[Extracted records]
■ ■ ■ ■ ■ ■ ■
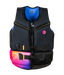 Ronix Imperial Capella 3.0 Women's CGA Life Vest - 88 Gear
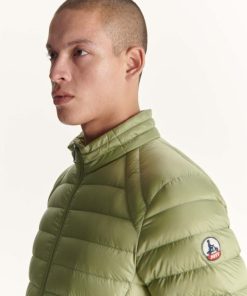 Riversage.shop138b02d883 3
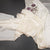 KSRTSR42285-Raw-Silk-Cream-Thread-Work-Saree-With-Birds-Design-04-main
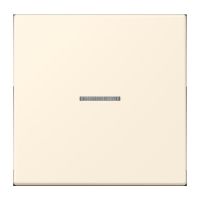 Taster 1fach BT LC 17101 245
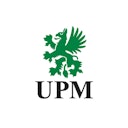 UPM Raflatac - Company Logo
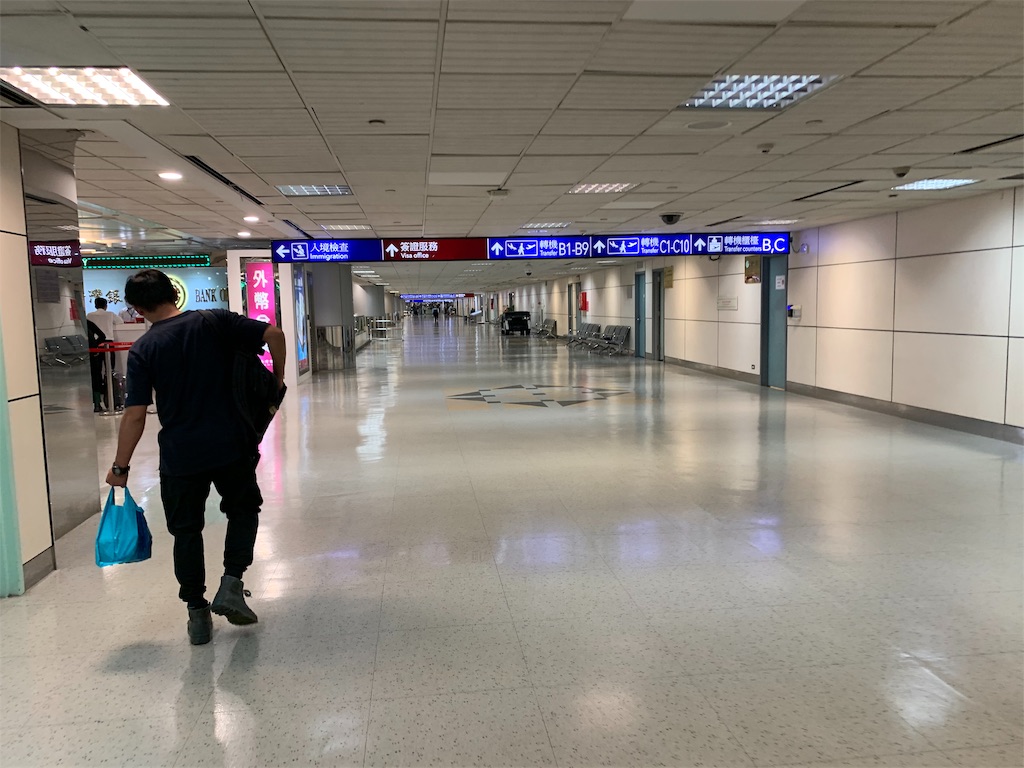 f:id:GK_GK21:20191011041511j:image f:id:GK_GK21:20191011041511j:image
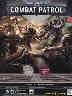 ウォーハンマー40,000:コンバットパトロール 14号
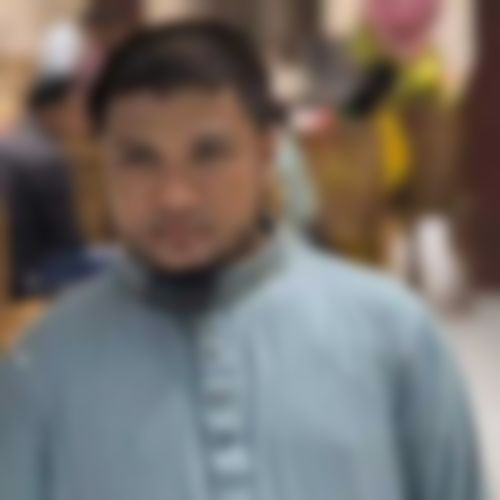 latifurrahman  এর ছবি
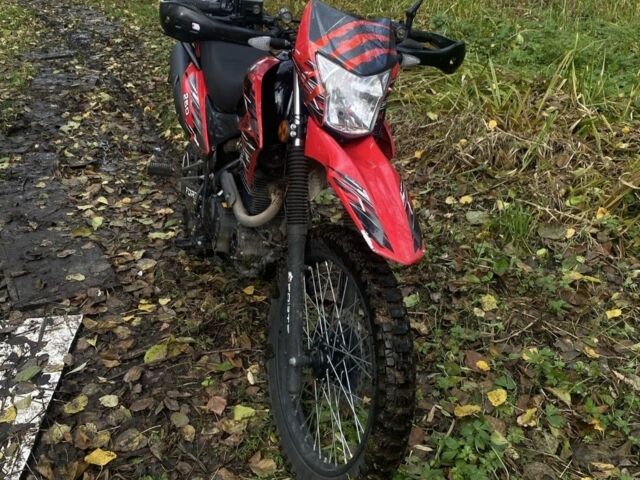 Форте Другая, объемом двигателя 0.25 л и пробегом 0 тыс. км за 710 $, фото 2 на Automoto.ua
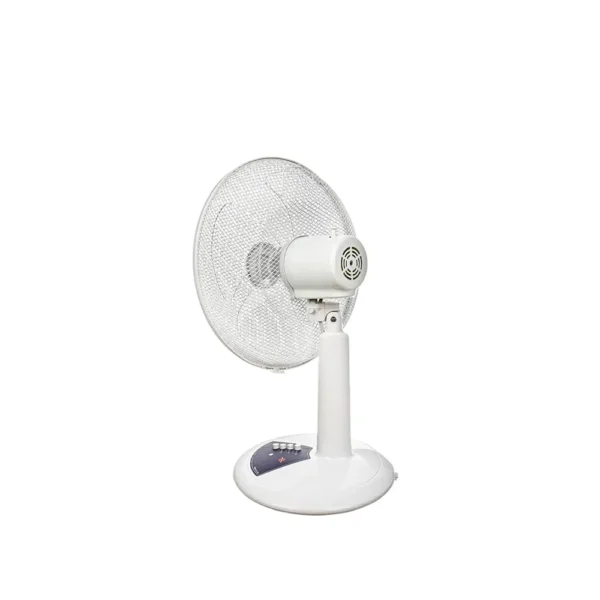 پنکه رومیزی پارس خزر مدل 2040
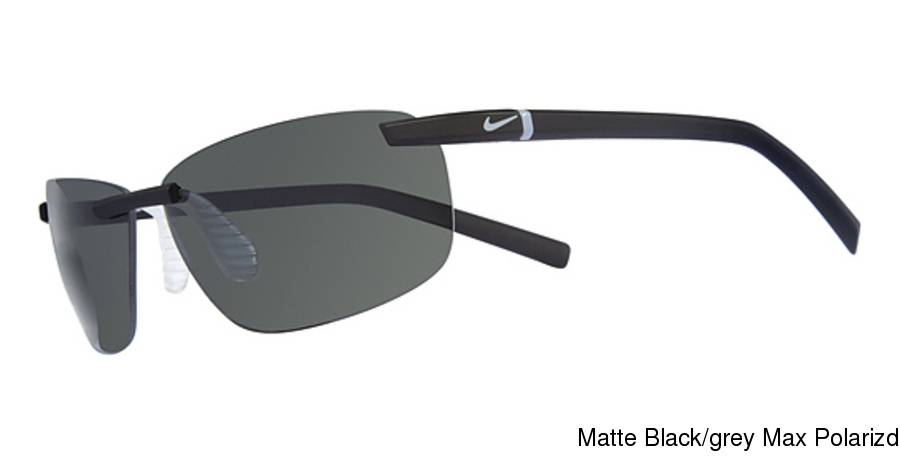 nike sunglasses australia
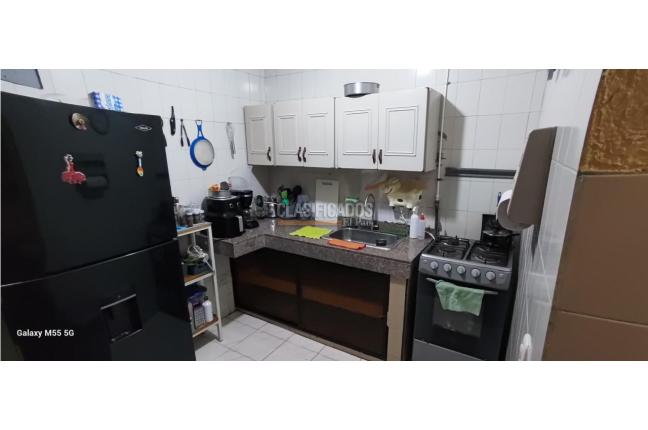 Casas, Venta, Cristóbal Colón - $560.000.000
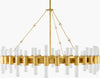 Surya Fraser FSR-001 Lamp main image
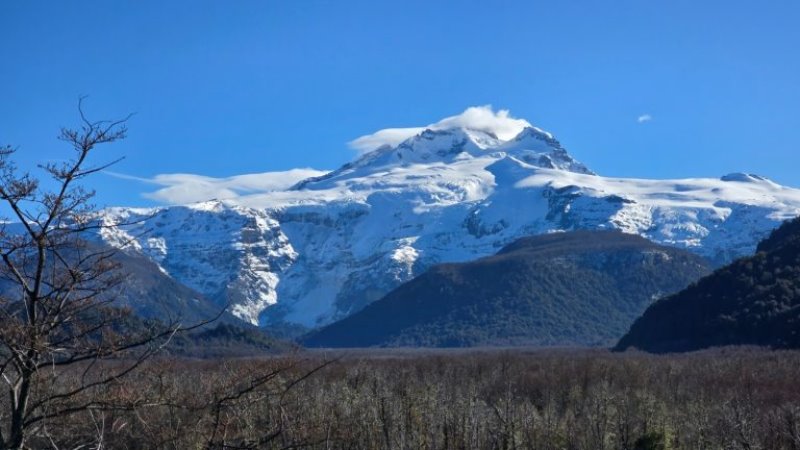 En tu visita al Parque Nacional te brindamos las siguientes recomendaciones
■ ■ ■ ■ ■ ■ ■
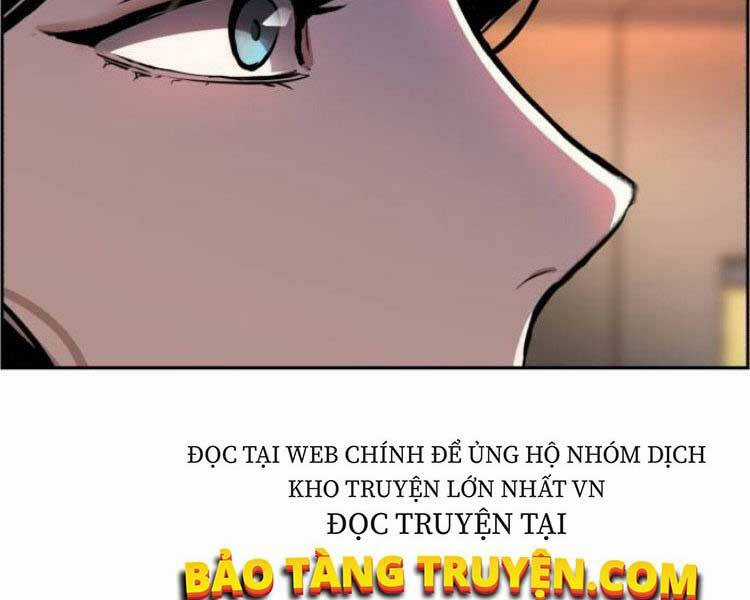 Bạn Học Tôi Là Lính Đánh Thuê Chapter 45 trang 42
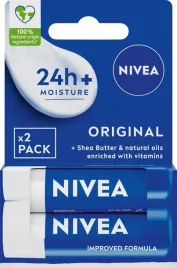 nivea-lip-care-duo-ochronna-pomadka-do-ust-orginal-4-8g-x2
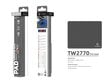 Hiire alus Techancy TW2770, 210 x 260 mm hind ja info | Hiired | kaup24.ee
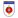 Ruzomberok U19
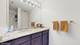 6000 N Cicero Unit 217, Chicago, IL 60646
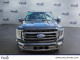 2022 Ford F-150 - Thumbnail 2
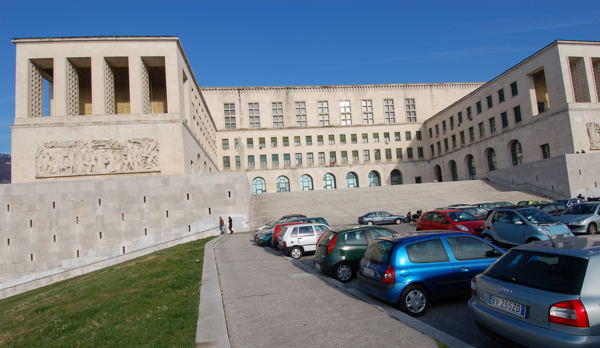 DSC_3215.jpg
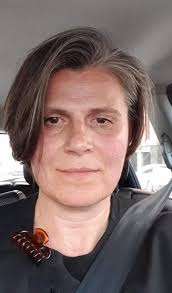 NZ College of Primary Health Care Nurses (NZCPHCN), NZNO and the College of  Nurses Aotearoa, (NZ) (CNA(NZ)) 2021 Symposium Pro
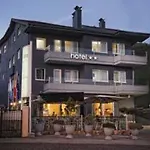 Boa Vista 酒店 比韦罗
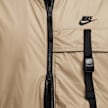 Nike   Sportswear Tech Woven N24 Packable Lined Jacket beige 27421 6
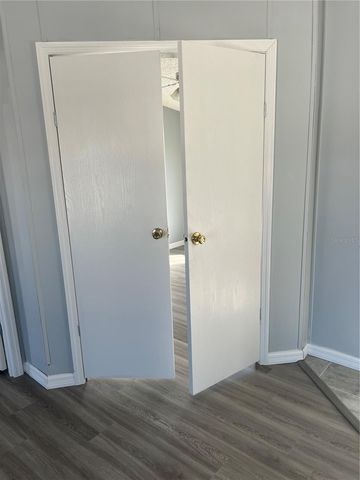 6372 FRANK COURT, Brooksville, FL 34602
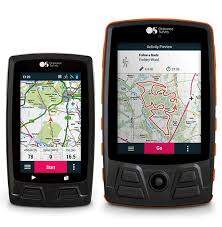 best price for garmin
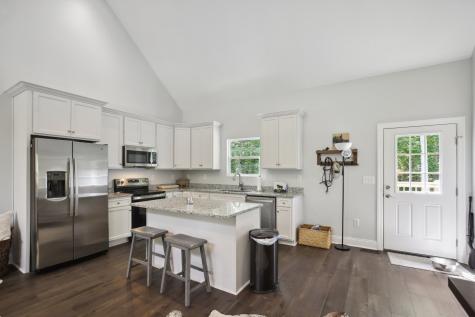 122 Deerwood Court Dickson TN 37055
■ ■ ■ ■ ■ ■ ■
_Task to carry out_
Using the records above, print exactly the run of lines that starts with the line with "Casas, Venta, Cristóbal Colón - $560.000.000" and goes on through the line with "En tu visita", pictures excluded.

_Completed exercise_
 Casas, Venta, Cristóbal Colón - $560.000.000
 Surya Fraser FSR-001 Lamp main image
 En tu visita al Parque Nacional te brindamos las siguientes recomendaciones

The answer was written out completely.